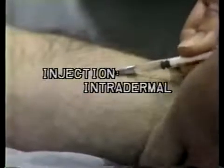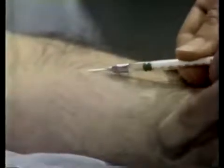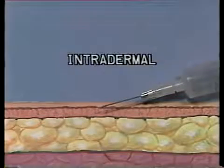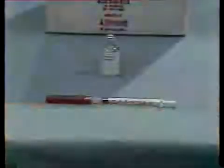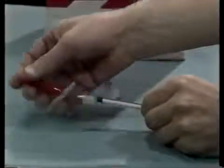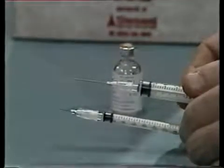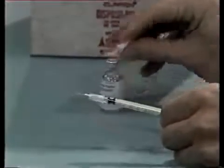Intradermal injections are commonly used for various skin tests for sensitivity to disease or allergies. The purpose of an intradermal injection is to introduce very small quantities of a solution between the layers of the skin — intradermal means within the layers of the skin. Since very small quantities are administered, you use a much smaller syringe and needle than for other injections. You prepare the needle and syringe in the same manner as for other injections, except that you should use the smaller tuberculin syringe.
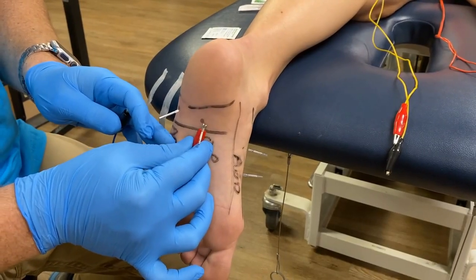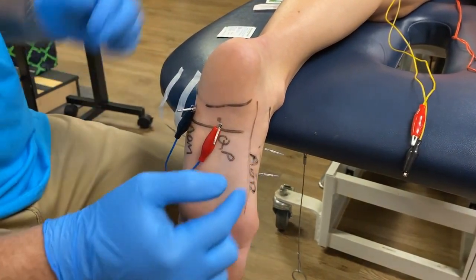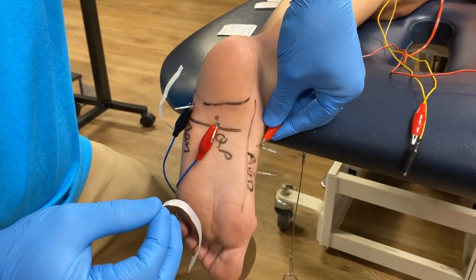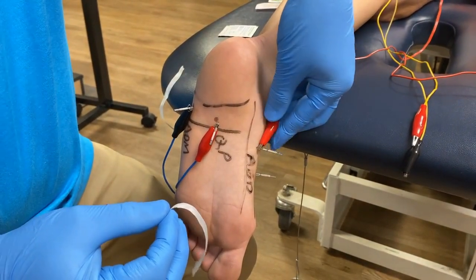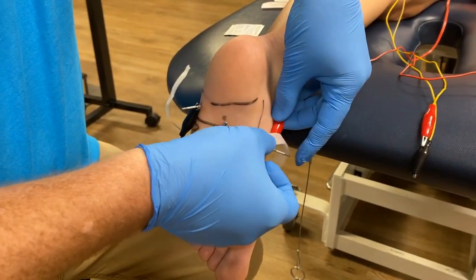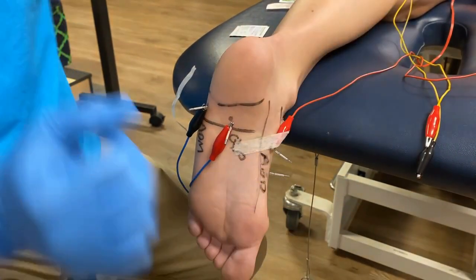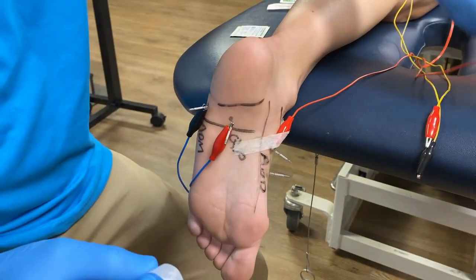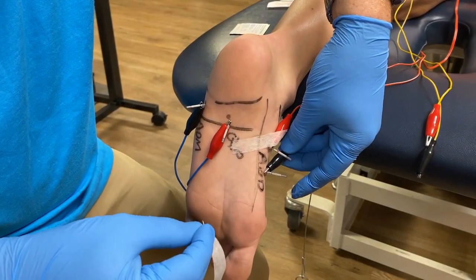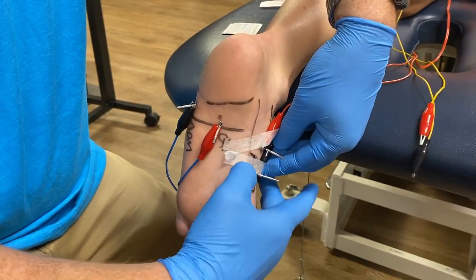The quadratus plantae and abductor digiti minimi needles are in a position where you usually don't have to tape the electrode down. However, the abductor hallucis needle, due to its angle and because it's only a 15-millimeter superficial needle, often requires a small piece of tape. I like to use half-inch micropore tape — anything more than half inch gets in the way. Tape the electrode close to the base of the needle; taping it too far away will act as a fulcrum and pull the electrode out.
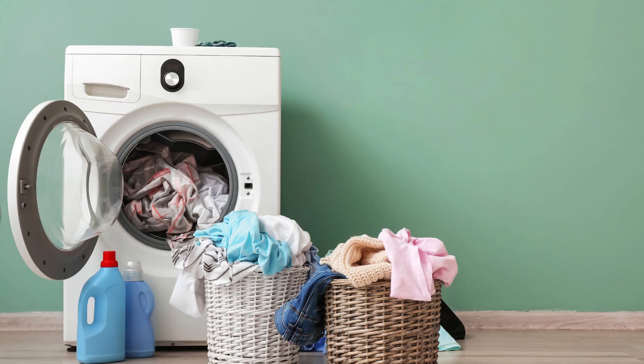So why not give DIY Home Dry Cleaning a try today? Your clothes and your wallet will thank you.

= = = =

Assignment
Write out the data exactly, but not its pictures.

Result
Intradermal injections are commonly used for various skin tests for sensitivity to disease or allergies. The purpose of an intradermal injection is to introduce very small quantities of a solution between the layers of the skin — intradermal means within the layers of the skin. Since very small quantities are administered, you use a much smaller syringe and needle than for other injections. You prepare the needle and syringe in the same manner as for other injections, except that you should use the smaller tuberculin syringe.
The quadratus plantae and abductor digiti minimi needles are in a position where you usually don't have to tape the electrode down. However, the abductor hallucis needle, due to its angle and because it's only a 15-millimeter superficial needle, often requires a small piece of tape. I like to use half-inch micropore tape — anything more than half inch gets in the way. Tape the electrode close to the base of the needle; taping it too far away will act as a fulcrum and pull the electrode out.
So why not give DIY Home Dry Cleaning a try today? Your clothes and your wallet will thank you.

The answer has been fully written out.